> _Work order_
Return exactly the lines of the records below, starting at the line that contains "HOOGWAARDIG AFGEWERKTE NIEUWBOUWWONING" and ending at the line that contains "Used CHANGAN Alsvin", with both of those lines kept.

+--

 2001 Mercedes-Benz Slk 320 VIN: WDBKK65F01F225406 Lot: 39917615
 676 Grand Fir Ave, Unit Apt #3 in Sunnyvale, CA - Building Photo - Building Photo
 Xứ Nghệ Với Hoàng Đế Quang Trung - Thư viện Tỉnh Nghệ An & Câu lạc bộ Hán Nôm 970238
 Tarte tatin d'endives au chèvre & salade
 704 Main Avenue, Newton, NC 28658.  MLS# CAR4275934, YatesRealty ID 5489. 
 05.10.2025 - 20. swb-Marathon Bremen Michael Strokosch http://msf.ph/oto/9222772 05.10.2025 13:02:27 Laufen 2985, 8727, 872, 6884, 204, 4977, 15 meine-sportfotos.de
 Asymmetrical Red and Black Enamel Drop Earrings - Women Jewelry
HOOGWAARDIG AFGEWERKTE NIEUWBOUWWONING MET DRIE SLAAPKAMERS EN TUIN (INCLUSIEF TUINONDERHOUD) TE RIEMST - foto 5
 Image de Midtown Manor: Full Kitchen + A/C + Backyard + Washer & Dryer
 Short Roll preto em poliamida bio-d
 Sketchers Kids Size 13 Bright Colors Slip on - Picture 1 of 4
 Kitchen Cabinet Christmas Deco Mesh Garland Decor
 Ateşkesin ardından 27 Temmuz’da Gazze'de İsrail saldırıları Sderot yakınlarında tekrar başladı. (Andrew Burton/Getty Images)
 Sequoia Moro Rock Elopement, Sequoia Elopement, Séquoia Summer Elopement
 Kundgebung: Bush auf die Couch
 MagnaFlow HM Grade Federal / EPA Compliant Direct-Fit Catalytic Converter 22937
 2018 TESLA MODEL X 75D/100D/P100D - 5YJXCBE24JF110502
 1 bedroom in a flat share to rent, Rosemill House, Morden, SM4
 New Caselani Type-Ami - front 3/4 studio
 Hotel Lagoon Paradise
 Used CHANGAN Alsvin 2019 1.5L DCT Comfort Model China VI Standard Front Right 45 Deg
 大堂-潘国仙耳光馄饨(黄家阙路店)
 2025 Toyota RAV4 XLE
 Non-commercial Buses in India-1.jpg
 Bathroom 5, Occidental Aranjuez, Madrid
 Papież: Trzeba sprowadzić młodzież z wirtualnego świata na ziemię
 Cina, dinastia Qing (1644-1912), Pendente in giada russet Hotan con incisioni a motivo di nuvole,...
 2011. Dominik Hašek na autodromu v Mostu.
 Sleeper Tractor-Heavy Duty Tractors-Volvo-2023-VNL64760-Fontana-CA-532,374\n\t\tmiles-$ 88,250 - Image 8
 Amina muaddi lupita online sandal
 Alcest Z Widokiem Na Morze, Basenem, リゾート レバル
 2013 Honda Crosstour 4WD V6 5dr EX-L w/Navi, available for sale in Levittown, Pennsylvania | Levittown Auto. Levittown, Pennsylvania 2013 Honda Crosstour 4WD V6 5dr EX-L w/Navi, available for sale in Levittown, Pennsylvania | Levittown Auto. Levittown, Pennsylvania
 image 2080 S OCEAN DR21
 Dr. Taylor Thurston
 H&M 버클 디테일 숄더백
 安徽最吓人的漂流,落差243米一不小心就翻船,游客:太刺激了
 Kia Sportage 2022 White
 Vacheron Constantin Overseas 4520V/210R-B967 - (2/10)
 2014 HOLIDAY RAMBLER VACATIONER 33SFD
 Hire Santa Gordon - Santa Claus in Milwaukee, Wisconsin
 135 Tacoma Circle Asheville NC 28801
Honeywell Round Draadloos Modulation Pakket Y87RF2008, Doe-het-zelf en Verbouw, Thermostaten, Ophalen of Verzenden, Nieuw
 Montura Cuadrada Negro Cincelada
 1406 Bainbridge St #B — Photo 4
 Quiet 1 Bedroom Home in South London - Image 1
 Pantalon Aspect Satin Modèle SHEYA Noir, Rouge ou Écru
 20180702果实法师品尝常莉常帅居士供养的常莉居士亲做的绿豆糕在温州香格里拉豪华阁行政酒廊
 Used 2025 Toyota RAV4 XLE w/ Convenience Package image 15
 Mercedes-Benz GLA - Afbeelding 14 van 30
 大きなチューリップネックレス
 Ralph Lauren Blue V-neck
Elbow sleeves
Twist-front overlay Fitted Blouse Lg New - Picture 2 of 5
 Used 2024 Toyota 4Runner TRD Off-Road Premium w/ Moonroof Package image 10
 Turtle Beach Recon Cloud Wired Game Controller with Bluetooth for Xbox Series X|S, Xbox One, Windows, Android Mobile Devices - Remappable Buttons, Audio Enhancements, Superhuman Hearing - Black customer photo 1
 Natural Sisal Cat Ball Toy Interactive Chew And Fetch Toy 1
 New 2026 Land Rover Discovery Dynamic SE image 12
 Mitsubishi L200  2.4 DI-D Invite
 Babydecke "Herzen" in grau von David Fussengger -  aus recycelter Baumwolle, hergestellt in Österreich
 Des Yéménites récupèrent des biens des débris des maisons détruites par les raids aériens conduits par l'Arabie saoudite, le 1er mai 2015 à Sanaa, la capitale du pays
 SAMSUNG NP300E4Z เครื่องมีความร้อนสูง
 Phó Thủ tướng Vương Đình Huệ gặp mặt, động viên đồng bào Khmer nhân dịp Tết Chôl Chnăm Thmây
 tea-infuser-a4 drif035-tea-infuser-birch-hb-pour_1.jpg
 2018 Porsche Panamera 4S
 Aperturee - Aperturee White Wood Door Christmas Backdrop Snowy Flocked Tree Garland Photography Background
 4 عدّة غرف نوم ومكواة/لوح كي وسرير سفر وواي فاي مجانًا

+--

> _Answer section_
HOOGWAARDIG AFGEWERKTE NIEUWBOUWWONING MET DRIE SLAAPKAMERS EN TUIN (INCLUSIEF TUINONDERHOUD) TE RIEMST - foto 5
 Image de Midtown Manor: Full Kitchen + A/C + Backyard + Washer & Dryer
 Short Roll preto em poliamida bio-d
 Sketchers Kids Size 13 Bright Colors Slip on - Picture 1 of 4
 Kitchen Cabinet Christmas Deco Mesh Garland Decor
 Ateşkesin ardından 27 Temmuz’da Gazze'de İsrail saldırıları Sderot yakınlarında tekrar başladı. (Andrew Burton/Getty Images)
 Sequoia Moro Rock Elopement, Sequoia Elopement, Séquoia Summer Elopement
 Kundgebung: Bush auf die Couch
 MagnaFlow HM Grade Federal / EPA Compliant Direct-Fit Catalytic Converter 22937
 2018 TESLA MODEL X 75D/100D/P100D - 5YJXCBE24JF110502
 1 bedroom in a flat share to rent, Rosemill House, Morden, SM4
 New Caselani Type-Ami - front 3/4 studio
 Hotel Lagoon Paradise
 Used CHANGAN Alsvin 2019 1.5L DCT Comfort Model China VI Standard Front Right 45 Deg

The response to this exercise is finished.